| TASK REQUIREMENTS |
Among the entries below, please show each line that carries the word "Blue".

========================================

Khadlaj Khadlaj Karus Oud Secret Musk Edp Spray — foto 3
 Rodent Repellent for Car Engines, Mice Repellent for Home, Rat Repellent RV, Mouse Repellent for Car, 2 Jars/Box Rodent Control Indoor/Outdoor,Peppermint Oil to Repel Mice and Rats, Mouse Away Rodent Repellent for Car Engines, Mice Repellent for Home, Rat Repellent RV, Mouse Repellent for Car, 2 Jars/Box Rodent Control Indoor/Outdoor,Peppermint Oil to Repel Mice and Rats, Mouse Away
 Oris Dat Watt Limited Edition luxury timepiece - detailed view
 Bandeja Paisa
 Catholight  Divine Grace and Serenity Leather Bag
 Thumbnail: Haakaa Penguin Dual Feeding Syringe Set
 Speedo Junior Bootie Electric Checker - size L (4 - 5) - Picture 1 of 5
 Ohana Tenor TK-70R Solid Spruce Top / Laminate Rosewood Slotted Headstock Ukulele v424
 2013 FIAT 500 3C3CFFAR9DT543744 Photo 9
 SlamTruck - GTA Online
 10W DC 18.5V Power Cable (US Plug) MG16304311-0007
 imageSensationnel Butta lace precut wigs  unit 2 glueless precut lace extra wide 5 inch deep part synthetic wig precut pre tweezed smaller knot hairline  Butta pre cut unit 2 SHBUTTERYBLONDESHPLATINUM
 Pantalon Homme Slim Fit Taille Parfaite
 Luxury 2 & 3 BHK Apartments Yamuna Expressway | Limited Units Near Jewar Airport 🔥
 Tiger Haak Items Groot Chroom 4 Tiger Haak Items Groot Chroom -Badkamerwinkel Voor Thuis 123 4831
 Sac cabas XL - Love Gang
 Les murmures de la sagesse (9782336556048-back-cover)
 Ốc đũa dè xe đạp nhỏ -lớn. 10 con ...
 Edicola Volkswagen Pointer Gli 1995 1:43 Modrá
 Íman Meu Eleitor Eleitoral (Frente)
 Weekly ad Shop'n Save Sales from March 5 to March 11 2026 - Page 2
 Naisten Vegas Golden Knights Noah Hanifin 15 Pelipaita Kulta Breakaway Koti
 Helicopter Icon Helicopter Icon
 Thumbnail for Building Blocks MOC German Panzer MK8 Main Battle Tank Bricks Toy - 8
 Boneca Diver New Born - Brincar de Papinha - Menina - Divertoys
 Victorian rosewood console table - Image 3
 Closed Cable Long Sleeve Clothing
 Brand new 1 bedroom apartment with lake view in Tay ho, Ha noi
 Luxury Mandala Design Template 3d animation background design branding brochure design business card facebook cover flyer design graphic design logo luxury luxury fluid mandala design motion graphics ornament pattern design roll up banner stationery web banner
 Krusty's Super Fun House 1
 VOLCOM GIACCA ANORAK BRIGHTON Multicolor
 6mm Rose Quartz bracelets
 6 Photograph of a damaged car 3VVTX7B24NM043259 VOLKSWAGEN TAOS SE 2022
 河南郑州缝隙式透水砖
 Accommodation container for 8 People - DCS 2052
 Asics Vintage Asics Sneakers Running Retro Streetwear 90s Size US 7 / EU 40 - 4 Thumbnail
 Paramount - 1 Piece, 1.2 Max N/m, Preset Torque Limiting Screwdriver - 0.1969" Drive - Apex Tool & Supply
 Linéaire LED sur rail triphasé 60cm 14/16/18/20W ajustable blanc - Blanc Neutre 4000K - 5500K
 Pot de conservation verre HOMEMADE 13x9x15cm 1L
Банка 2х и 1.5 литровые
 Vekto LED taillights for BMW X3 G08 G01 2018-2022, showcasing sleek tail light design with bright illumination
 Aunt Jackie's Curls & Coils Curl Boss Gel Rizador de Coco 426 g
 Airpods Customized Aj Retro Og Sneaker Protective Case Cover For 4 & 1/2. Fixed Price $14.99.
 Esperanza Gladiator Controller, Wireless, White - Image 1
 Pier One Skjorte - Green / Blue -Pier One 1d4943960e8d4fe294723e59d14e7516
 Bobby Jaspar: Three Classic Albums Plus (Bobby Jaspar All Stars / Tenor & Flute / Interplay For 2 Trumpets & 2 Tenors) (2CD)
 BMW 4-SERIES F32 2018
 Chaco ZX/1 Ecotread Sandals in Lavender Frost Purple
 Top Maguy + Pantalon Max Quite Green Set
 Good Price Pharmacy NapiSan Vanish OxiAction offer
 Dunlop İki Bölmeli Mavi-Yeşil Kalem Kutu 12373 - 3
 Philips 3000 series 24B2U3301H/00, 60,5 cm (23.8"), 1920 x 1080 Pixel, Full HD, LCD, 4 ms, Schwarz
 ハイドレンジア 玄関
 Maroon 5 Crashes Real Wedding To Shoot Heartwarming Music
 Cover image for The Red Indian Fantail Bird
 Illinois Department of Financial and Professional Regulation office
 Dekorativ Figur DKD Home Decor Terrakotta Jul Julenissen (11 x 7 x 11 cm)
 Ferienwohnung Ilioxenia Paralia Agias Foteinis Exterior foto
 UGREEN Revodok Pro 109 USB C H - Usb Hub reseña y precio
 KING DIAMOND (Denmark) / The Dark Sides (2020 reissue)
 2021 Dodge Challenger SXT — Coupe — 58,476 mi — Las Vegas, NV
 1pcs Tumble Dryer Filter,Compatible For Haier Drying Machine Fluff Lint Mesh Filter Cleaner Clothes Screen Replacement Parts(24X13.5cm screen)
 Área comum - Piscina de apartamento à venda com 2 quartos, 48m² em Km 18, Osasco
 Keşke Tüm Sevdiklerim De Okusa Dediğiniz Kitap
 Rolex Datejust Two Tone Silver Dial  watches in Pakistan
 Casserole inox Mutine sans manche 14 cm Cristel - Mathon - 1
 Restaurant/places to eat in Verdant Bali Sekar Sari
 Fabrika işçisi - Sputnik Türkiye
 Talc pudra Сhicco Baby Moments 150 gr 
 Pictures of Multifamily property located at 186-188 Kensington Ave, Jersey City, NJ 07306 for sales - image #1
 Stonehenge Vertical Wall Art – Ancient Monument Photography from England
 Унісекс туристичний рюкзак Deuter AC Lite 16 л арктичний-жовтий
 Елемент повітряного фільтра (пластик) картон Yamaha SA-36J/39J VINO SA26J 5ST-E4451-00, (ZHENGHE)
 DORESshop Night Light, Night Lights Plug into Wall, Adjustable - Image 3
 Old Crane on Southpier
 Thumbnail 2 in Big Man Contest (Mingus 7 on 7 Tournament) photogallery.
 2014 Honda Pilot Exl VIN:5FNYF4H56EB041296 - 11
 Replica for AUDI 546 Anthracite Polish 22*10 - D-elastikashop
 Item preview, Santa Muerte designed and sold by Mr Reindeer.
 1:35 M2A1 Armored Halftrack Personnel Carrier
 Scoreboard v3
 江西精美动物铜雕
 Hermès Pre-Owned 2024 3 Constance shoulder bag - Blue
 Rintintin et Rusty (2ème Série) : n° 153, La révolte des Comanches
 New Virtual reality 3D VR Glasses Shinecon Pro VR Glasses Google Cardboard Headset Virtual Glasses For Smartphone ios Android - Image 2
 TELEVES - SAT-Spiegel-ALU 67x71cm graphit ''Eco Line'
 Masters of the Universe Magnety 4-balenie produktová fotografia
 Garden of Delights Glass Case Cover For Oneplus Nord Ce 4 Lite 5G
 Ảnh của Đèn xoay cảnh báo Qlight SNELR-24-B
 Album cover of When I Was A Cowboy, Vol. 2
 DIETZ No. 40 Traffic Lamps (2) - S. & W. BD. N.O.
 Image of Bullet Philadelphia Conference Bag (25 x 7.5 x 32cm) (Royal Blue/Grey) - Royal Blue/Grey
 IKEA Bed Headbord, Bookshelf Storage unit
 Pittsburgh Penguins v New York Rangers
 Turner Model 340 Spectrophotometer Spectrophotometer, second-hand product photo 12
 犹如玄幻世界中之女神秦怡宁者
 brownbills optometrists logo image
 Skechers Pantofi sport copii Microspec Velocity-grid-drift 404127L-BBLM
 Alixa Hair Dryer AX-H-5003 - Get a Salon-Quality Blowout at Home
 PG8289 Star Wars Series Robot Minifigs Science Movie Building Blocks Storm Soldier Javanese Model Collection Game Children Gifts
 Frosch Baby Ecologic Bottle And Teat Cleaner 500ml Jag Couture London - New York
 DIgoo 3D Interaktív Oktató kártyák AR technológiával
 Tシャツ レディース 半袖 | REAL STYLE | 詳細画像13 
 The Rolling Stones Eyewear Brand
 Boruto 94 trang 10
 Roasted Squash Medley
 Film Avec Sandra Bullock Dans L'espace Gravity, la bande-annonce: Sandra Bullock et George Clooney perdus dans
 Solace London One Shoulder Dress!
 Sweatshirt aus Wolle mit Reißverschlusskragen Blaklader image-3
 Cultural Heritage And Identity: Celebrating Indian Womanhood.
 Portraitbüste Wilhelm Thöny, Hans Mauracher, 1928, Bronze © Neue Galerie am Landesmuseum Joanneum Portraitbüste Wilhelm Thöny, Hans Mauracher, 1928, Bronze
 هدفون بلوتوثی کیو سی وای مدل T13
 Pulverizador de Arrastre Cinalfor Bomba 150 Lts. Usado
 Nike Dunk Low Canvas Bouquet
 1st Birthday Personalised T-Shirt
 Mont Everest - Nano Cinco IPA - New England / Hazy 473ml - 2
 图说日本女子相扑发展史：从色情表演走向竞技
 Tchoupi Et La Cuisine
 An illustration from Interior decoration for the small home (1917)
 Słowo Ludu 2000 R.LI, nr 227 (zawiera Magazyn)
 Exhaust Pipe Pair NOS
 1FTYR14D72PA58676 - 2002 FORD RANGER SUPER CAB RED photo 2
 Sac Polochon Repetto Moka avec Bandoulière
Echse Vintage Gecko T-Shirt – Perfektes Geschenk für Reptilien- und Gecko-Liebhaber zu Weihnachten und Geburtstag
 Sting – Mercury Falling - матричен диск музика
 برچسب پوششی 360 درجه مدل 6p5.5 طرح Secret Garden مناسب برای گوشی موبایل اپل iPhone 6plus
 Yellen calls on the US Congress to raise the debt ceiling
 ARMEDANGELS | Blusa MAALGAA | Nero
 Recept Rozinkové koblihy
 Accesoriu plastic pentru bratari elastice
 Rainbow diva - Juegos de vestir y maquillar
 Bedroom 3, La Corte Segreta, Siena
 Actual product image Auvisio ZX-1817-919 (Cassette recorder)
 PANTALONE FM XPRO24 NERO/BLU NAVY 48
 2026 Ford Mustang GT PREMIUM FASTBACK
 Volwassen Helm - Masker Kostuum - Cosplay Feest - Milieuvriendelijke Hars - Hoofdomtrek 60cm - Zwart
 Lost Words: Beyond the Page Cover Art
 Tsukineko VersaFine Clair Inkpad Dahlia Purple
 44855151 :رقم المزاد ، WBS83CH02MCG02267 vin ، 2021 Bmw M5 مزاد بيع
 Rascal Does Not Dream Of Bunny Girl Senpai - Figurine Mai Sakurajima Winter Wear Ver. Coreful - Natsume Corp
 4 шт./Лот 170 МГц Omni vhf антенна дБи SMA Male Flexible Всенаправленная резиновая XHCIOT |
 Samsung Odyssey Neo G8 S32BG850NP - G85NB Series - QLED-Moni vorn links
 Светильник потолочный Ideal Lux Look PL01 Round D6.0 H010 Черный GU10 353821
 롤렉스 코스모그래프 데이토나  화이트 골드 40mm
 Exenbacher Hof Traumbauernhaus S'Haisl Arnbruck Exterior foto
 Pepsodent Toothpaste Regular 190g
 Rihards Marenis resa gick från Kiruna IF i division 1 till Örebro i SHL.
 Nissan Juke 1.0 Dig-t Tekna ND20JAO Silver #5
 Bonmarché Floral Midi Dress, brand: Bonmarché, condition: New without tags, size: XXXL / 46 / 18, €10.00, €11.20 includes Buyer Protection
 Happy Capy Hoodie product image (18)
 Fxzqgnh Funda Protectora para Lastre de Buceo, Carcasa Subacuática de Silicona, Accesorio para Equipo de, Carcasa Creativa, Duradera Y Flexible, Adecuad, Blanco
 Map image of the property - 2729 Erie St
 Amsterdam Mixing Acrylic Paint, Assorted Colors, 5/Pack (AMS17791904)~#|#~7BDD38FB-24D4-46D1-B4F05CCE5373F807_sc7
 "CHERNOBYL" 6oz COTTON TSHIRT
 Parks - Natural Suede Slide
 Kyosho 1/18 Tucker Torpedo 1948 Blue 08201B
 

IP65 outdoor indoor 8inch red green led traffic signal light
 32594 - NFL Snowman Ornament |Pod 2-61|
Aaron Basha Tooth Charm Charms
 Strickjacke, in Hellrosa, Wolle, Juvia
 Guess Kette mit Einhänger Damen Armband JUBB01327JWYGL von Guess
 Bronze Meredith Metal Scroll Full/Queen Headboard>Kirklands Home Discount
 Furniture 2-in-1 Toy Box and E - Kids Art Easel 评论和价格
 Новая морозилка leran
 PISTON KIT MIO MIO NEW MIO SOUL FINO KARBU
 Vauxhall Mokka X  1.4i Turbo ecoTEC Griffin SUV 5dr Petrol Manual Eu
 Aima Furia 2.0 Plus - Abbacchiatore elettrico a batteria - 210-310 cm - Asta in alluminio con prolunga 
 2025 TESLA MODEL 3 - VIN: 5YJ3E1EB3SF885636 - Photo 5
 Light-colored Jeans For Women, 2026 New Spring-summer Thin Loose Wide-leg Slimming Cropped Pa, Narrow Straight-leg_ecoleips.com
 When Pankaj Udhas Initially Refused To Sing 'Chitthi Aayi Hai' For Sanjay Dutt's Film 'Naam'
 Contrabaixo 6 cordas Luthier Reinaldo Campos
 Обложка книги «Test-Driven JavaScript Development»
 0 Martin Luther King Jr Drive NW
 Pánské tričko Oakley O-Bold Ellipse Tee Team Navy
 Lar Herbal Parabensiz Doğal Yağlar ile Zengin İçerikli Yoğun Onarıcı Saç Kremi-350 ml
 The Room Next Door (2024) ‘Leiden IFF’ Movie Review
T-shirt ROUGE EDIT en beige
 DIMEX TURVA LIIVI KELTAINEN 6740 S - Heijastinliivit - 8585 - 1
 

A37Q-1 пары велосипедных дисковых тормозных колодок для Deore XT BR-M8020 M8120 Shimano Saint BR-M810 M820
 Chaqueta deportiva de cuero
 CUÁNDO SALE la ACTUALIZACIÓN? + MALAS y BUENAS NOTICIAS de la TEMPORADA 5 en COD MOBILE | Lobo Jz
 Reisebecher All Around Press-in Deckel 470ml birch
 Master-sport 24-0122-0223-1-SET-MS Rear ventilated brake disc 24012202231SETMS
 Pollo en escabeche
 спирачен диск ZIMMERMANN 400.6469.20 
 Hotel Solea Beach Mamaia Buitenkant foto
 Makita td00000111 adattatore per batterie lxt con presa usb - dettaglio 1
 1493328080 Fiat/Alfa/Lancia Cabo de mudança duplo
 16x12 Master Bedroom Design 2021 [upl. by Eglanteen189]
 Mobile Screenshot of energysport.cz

========================================

| RESULT OF THIS TASK |
 Pier One Skjorte - Green / Blue -Pier One 1d4943960e8d4fe294723e59d14e7516
 Hermès Pre-Owned 2024 3 Constance shoulder bag - Blue
 Image of Bullet Philadelphia Conference Bag (25 x 7.5 x 32cm) (Royal Blue/Grey) - Royal Blue/Grey
 Kyosho 1/18 Tucker Torpedo 1948 Blue 08201B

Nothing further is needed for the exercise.